A group of Silicon Valley geeks try to bring about immigration reform with the Startup Visa Act
At the end of February, Senators John Kerry (D - Mass.) and Richard Lugar (R - Indiana) introduced the Startup Visa Act of 2010, which will let immigrant entrepreneurs earn a two-year visa if they get at least $250,000 in venture capital investment, and then earn them legal US residence if that startup creates five or more new jobs, gets a second round of funding of over $1 million, or nets $1 million or more in revenue.
"Global competition for talent and investment grows more intense daily and the United States must step up or be left behind," Sen. Kerry said in introducing the bill. "Everywhere Dick Lugar and I travel for the Foreign Relations Committee, we see firsthand the entrepreneurial spirit driving the economies of our competitors. Creating a new magnet for innovations and innovators to come to the United States and create jobs here will offer our economy a double shot in the arm -- robust job creation at home and reaffirmation that we're the world's best place to do business."

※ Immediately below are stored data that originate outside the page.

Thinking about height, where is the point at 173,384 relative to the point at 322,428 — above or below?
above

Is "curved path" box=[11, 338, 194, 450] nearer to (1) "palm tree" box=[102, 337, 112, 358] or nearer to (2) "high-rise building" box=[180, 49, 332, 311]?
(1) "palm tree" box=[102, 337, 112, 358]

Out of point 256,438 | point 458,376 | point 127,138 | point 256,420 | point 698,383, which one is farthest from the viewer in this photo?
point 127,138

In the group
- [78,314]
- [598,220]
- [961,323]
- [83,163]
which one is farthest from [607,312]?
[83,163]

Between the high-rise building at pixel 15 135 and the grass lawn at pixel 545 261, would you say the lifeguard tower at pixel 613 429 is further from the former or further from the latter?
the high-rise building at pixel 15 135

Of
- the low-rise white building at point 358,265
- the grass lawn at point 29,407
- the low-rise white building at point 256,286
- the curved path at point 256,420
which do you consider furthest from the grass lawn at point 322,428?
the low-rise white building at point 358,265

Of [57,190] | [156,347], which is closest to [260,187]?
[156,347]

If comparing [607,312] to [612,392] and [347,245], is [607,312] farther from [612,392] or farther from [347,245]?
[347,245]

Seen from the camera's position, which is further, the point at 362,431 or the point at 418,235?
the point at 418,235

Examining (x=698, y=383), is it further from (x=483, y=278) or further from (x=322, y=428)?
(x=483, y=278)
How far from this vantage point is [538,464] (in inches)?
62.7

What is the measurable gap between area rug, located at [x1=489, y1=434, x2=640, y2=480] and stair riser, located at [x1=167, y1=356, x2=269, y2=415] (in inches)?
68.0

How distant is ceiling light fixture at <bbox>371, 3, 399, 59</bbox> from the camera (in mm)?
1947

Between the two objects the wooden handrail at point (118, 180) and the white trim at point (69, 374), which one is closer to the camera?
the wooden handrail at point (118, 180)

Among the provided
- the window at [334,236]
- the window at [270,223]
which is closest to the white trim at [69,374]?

This week, a group of Silicon Valley entrepreneurs and venture capitalists led by former PayPal executive turned startup investor and advisor Dave McClure will be heading to Washington DC to promote the bill to legislators in hopes of showing the power that this bill holds.
"There are no lobbyists, no campaign contributions, no PR agencies," McClure writes on the site dedicated to the bill. "This is a 100% grass-roots movement of citizens who want to encourage job creation and innovation in the United States."
More than 160 notable VCs and investors have voiced their support for the bill, and there are plenty of ways for citizens to join in on the startupvisa.com campaign page.